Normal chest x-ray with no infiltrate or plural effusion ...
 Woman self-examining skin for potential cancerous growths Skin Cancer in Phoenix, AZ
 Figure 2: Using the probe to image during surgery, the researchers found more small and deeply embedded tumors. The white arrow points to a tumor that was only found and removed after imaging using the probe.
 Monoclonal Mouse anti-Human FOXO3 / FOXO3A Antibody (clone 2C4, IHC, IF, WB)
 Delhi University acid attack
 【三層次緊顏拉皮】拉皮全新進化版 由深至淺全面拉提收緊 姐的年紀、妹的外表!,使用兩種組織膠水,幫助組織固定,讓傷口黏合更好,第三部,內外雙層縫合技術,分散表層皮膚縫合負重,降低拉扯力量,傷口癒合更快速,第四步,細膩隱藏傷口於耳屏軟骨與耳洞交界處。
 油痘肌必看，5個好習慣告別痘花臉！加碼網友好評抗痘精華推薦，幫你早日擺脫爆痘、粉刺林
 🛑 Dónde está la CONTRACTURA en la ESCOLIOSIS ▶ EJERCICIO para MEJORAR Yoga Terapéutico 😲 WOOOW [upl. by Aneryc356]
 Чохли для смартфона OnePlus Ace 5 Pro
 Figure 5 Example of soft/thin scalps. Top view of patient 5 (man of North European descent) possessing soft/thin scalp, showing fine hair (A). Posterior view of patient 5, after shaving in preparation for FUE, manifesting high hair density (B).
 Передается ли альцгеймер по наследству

■ Problem ■
Filter the entries above down to the lines that contain the word "Figure".

■ Finished task ■
 Figure 2: Using the probe to image during surgery, the researchers found more small and deeply embedded tumors. The white arrow points to a tumor that was only found and removed after imaging using the probe.
 Figure 5 Example of soft/thin scalps. Top view of patient 5 (man of North European descent) possessing soft/thin scalp, showing fine hair (A). Posterior view of patient 5, after shaving in preparation for FUE, manifesting high hair density (B).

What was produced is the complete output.